Num segundo momento passam a fazer um discurso mais cauteloso: é a fase em que, invocando o realismo, os ilusionistas da véspera começam a aludir a cálculos que ficam sempre para amanhã. (Desta passagem do ilusionismo para o realismo procrastinado é particularmente representativa a atitude Marcelo Rebelo de Sousa ao promulgar o diploma das 35 horas na função pública: “Presidente da República promulga 35 horas deixando em aberto recurso ao Tribunal Constitucional em caso de aumento real de despesa”. )

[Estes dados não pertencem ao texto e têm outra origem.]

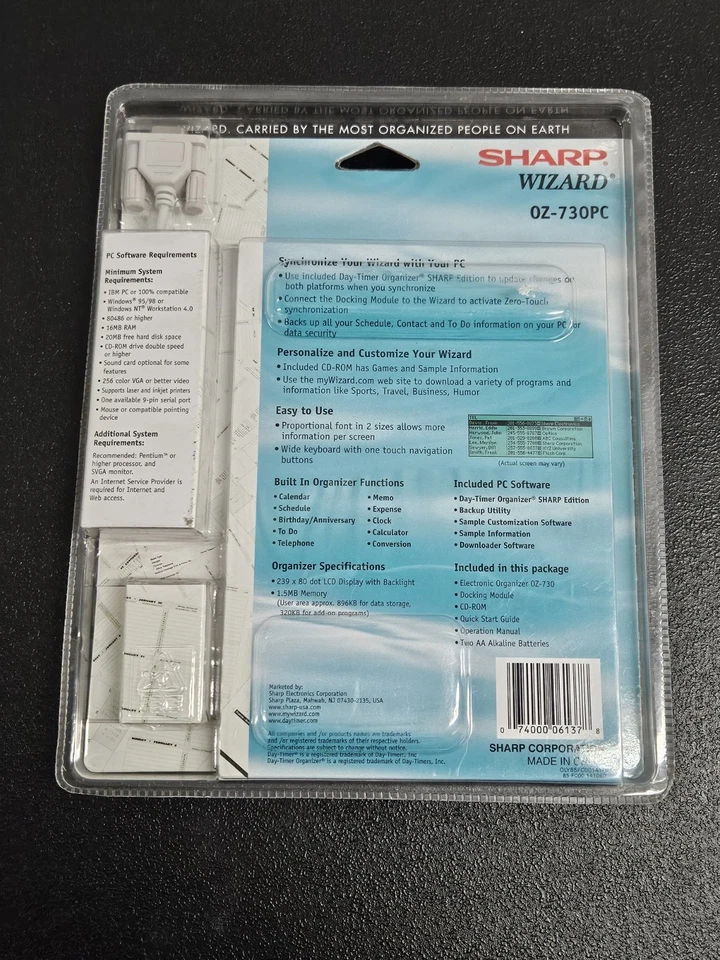 Vintage Sharp Wizard 0Z-730PC Organizer Pocket Computer Brand New SEALED - Image 2 of 2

Num terceiro momento, os mesmo que gritaram e juraram pela descrispação recorrem a tudo aquilo que condenavam quando eram oposição para reprimir os que não se submetem ao seu discurso e que automaticamente caem no campo do anti-patriotismo e ligação a interesses obscuros, regra geral do sector privado, imperialismo, fascismo… ou o que estiver a dar como facto gerador de indignações fáceis. É nesse momento em que estamos relativamente à greve dos enfermeiros. Para os devidos efeitos já foi convocada essa polícia para todo o serviço dos senhores primeiros-ministros que é a ASAE. Mais se verá nos próximos dias, tudo evidentemente com a conivência e aplauso dos mesmos que andam há anos a jurar pelo sagrado direito à greve.